I believe within the body of Christ it gets a little bit more complicated because we are not to conform to the world’s way. I am going to unveil and share some scenarios I have walked through within my sista girl circle –what I did right, what I did wrong, and what I learned overall.

Something I want to share upfront, though you are a believer that doesn’t mean you’re anybody’s doormat!

Holy Spirit will lead and guide you in Peaceful Relationships 101 when you respond verses react. When we react, we give away our power. When we respond appropriately, we stay in control of ourselves and secure our inner peace. Keep your overall peace by choosing to not allow another party to provoke you into losing your Jesus!

Now, don’t get me wrong, I have mastered this choice at times, and other times I have failed epically! But God ain’t done with me yet!

I recently found myself in a situation with one girlfriend in which we simply could not agree to see eye to eye. So, what do you do in these scenarios?

By the grace of God, I was at work and had to keep all the fruits of HIS Spirit during this encounter. I finally got to the place where I called it out for what it was.

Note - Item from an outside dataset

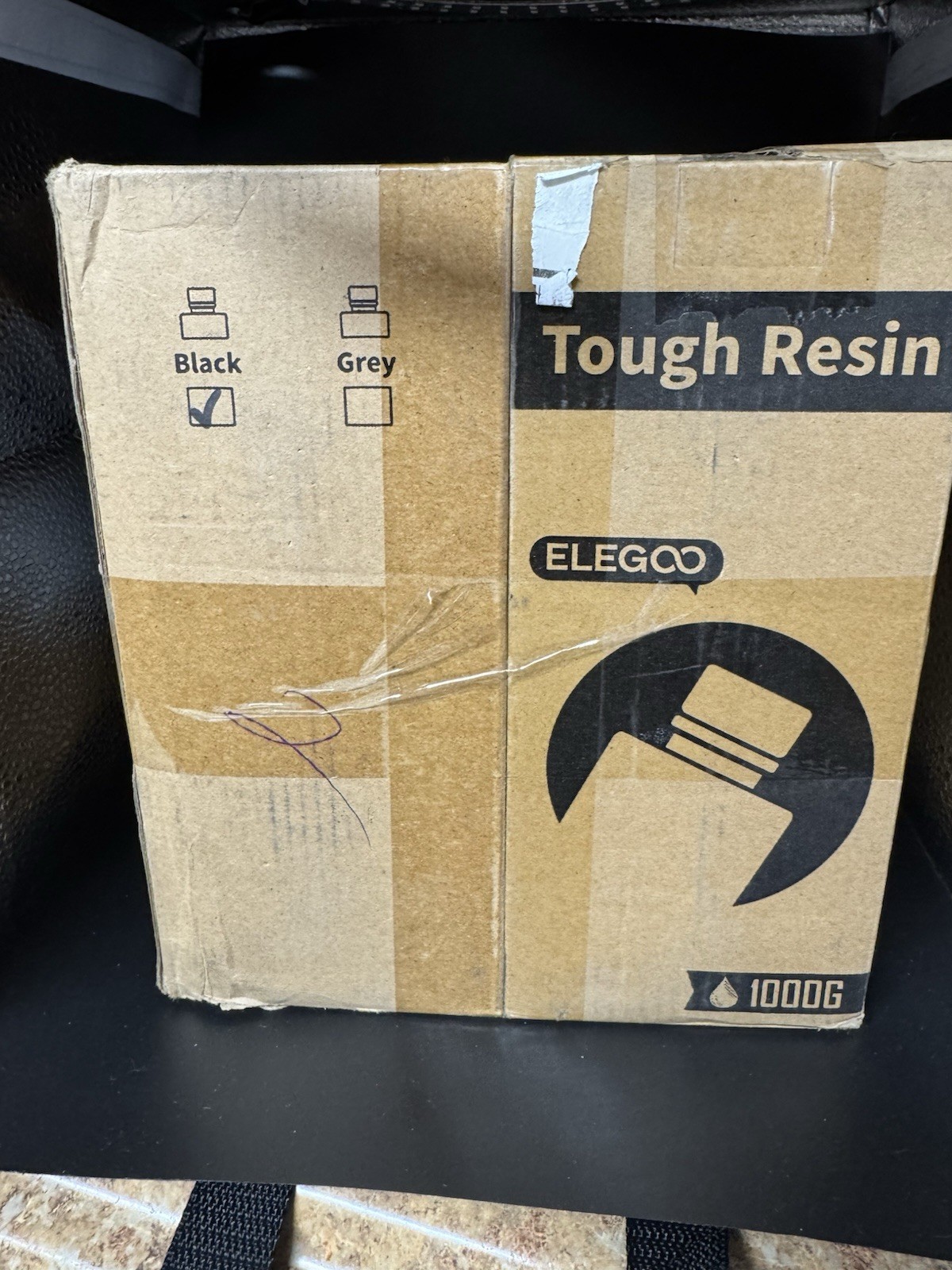 Elegoo Tough Resin 1000G (quantity 4) Color Black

I told the other party that “This isn’t me against you or you against me, it is the enemy we are warring with.”

Ephesians 6:12 says:

“For we are not fighting against flesh-and-blood enemies, but against evil rulers and authorities of the unseen world, against mighty powers in this dark world, and against evil spirits in the heavenly places.” NLT

With that, we were able to agree to see it differently. We were hip to Satan’s tricks. We hugged it out and moved on.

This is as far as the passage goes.